When I started this project, I did not have any idea about how NIR was actually implemented or to be used. My only experience with compilers was the implementation of an improved register allocation pass for TGSI, so obviously I would make a lot of errors.

As someone who likes test-driven development, my approach for bringing up the back-end, that is, to get working basic vertex and fragment shaders, was to implement a function that makes it possible to create a NIR shader from its printout. Then I would write a test with the expected assembly, and implement the code to actually create that assembly. (The code to create a NIR shader from a printout can be found in a development branch however, the way NIR is printed has changes since, so that some re-designing would be needed to make it useful again.)

Thanks to the working TGSI back-end, test expectations were easy to obtain. So I happily coded away to first get the shaders to draw a simple triangle, add texturing, matrix operations, and so on.

Once the basic shaders were running, and glxgears did what it supposed to do, it was easy to move forward: Run a set of piglit tests and for those that crash or fail, see what the TGSI created assembly does, and fill in the gaps.

With that it was simple to get vertex and fragment shaders working. The most challenging part was not to get the assembly right, but to get the shader info in sync with what was created by the TGSI back-end, because that's what the state code expects.

Up to this point the difference between the assembler output of the TGSI code path and the output of the NIR code path was not substantial. Granted, NIR was way better optimized from the start, so the assembly created from the IR was usually better, but up to this point SB, would level the play field (apart from the bugs).

By the end of 2019 - when support for fragment and vertex shaders had been implemented - the back-end was upstreamed, and development continued there.

Transforming NIR

To support r600 properly, a few instructions, like nir_op_cube_r600 had already been added, and while these made some things easier, they did not really contribute to more optimized code. Only with the use of local data storage (LDS) in tessellation shaders did NIR really begin to shine: With the TGSI code path, for every instruction that accesses LDS the memory address is evaluated from scratch, resulting in quite some code duplication. Because LDS handling was only added after SB had landed, support for optimizing the generated code was initially not available, and because LDS reads actually require two dependent instructions (a fetch to a queue and a read from that queue), implementing this support is not trivial. Dave Airlie merged some code to SB to do this optimization, but it is still disabled.

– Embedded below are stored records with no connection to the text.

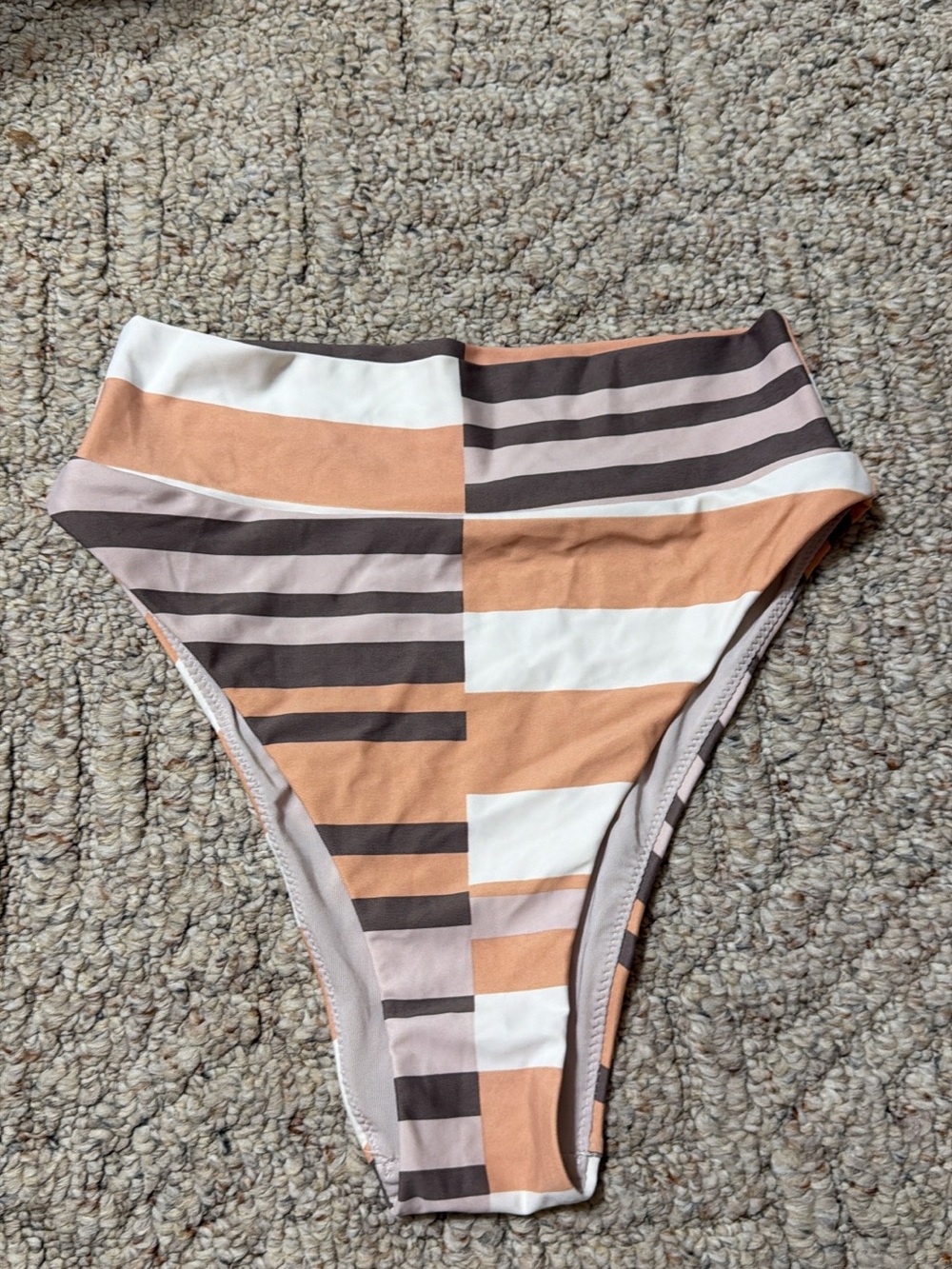aerie High-Waist Colorblock Striped Bikini Bottoms in Peach, White & Brown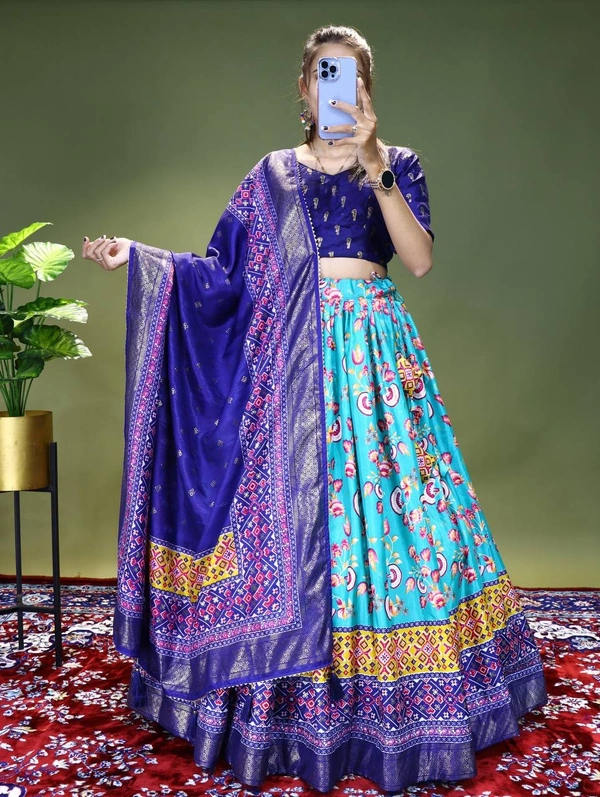 FWGI FLORAL SOFT SILK LEHENGA WITH BEAUTIFUL FOIL WORK - Sky Blue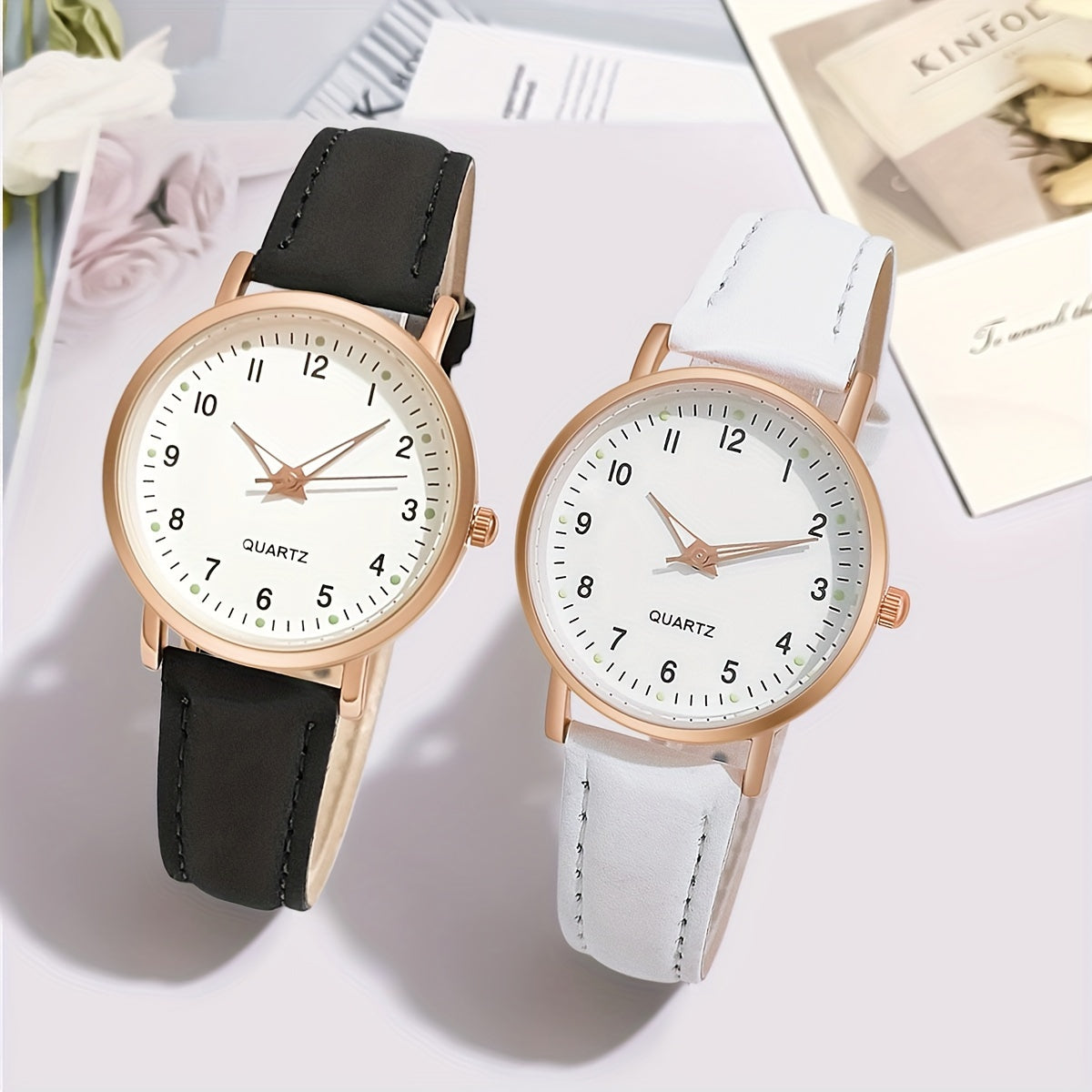 Cute Round Pointer Quartz Watch Luminous Analog Matte Color PU Wrist Watch For Women Daily Use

With NIR things became simple: just add a back-end-specific intrinsics for accessing LDS and lower the shared memory access with all the address calculations to use these intrinsics that can directly be translated to r600 assembly. Then, let the NIR passes take care of removing the code duplication and optimizing the address calculation. With that, TessMark performance (with factor 32) improved from 32 FPS to 52 FPS, and a few rendering bugs were fixed too.

TGSI	NIR

A somewhat dead end

From this point on implementing further functionality was, again straightforward. At the beginning of 2021 the NIR back-end had been brought to parity with the TGSI back-end for Evergreen class hardware, and soft-fp64 had been tied in, so that support for OpenGL 4.5 could be advertised. By mid 2021 Cayman class hardware was also supported, although without the hardware fp64 support.

However, since I had jumped into the project without much knowledge about how to write a compiler, my initial design of the intermediate representation used in the back-end did not really plan for optimization or scheduling. Hence, the limitations that were true for the TGSI back-end in that regard were still true.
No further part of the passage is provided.